Broken, Not Damaged
I do not get why anyone would ever want to relationship with me,
Which is a line of thinking that not only enables me to efficiently tank any and all relationships in which I allow myself to dally,
It also surrounds me with strong defensive walls that makes getting me to even consider a dally statistically impossible when you factor in the margin of error.
I was not always as such,
This behavior particular that is totally a Me 2.0 construct.
I trace its origins back to my Decision making process.
Turns out there were small, incidental, components of thought leading up to the Decision,
That continue to impact me to this day.
In this particular situation,
When I was making the Decision,
One of the variables I set was to presume that if I chose Option 1,
I would never be in a coupling relationship again.
It seemed like a completely reasonable, practical variable to set as such at the time:
I did not want to expect a future coupling relationship and end up disappointed if one never happened,
Possibly causing me to second-guess said Decision.
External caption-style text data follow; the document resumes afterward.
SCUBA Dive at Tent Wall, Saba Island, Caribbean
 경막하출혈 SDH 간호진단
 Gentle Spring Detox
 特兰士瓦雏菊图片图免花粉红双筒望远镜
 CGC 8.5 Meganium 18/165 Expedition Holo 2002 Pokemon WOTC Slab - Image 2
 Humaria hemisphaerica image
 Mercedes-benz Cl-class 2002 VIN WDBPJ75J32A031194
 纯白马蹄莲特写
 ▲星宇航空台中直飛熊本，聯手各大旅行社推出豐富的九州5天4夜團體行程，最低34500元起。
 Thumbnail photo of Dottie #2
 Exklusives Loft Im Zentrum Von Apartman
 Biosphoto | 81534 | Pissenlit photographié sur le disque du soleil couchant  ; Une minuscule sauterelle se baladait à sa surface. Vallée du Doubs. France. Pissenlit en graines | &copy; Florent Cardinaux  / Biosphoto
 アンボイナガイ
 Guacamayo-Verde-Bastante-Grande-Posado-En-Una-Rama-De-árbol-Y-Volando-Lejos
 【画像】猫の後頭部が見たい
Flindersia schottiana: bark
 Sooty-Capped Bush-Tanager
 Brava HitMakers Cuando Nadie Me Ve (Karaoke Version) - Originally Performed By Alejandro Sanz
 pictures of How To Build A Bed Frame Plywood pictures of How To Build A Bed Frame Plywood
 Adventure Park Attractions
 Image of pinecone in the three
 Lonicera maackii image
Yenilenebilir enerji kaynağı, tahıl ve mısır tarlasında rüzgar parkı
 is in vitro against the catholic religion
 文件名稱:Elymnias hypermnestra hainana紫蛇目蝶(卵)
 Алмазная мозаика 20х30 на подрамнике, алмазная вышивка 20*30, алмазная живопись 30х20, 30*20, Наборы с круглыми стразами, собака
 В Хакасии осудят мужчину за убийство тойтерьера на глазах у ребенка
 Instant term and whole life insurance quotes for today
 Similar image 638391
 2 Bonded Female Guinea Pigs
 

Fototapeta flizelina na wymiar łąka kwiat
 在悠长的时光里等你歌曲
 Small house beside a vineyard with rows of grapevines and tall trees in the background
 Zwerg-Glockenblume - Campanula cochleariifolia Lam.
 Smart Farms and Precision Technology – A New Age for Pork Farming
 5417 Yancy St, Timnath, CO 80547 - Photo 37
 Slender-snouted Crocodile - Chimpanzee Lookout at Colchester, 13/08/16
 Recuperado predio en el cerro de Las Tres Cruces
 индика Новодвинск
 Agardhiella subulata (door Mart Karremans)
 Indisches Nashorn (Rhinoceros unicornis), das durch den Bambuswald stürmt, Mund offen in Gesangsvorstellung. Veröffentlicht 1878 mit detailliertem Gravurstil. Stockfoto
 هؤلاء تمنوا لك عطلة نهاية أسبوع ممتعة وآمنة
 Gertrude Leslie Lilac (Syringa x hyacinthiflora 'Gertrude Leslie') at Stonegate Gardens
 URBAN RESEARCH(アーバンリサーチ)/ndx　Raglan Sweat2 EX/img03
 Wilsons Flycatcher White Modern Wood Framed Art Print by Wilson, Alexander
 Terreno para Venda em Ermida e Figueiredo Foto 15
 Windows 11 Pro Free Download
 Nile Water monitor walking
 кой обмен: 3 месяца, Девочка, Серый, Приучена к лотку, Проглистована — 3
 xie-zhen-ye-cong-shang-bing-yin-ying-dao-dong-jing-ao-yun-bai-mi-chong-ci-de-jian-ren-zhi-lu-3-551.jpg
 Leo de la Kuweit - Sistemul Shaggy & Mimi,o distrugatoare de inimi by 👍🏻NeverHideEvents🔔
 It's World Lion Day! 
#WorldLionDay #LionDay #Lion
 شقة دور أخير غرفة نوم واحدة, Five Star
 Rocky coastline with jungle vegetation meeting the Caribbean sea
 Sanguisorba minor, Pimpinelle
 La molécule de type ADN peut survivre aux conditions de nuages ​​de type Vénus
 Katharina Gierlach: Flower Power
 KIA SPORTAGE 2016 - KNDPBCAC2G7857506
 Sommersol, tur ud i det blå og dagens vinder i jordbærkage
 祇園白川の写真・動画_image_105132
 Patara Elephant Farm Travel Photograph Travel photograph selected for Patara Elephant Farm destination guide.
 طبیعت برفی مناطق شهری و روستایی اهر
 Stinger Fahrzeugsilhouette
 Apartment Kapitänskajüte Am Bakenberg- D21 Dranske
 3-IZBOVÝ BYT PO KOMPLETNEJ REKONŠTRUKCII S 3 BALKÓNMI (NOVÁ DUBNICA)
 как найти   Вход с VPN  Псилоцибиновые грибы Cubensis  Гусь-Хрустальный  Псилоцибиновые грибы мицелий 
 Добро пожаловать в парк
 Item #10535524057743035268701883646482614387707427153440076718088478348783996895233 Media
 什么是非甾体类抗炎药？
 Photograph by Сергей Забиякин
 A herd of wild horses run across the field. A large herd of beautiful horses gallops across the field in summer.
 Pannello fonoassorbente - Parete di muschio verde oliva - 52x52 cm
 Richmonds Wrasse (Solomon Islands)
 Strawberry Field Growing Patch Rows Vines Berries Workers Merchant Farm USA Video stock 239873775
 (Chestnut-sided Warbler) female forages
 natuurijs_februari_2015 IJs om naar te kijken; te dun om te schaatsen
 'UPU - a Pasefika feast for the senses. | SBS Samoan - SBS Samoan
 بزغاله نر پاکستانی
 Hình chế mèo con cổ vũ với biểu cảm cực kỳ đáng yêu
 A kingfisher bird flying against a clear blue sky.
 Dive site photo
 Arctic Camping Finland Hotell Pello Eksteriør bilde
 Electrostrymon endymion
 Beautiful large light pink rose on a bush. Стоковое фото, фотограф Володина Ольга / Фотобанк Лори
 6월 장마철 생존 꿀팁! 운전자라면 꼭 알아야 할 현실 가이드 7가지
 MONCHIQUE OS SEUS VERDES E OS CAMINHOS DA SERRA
I deemed the more cautious approach would be to make my Decision with the thought I would be alone for the balance of life,
So if that turns out to be the case,
It would be as expected.
Regret and doubt avoided.
The mere act of setting the variable in such a manner,
Has triggered in me an apparently strong-willed determination to indeed make it the case.
My commitment issues have become borderline obsessive,
And if I didn’t have such commitment issues,
I would have been able to simply call them obsessive.
The inspiration for this post was an unexpected text I received from the Invisible Boyfriend app …
That simply said “I Miss You“.
Forgetting I had signed up for random, allegedly flirtatious texts,
I found myself upon reading it immediately concluding I needed to end things now with this way too clingy one.
Milliseconds later my conscious,
Voluntary thought returned and I recalled it was a programmed missive sent by a bot delivered with the intent that a normal person would presumably find sweet.
Some of my friends think I am such because I don’t like me,
That my Function is such a self-disdaining feature in my mind,
Loathing within me for me,
That it is a wall of self-creation that will remain until I decide to tear it down,
And stop hating me.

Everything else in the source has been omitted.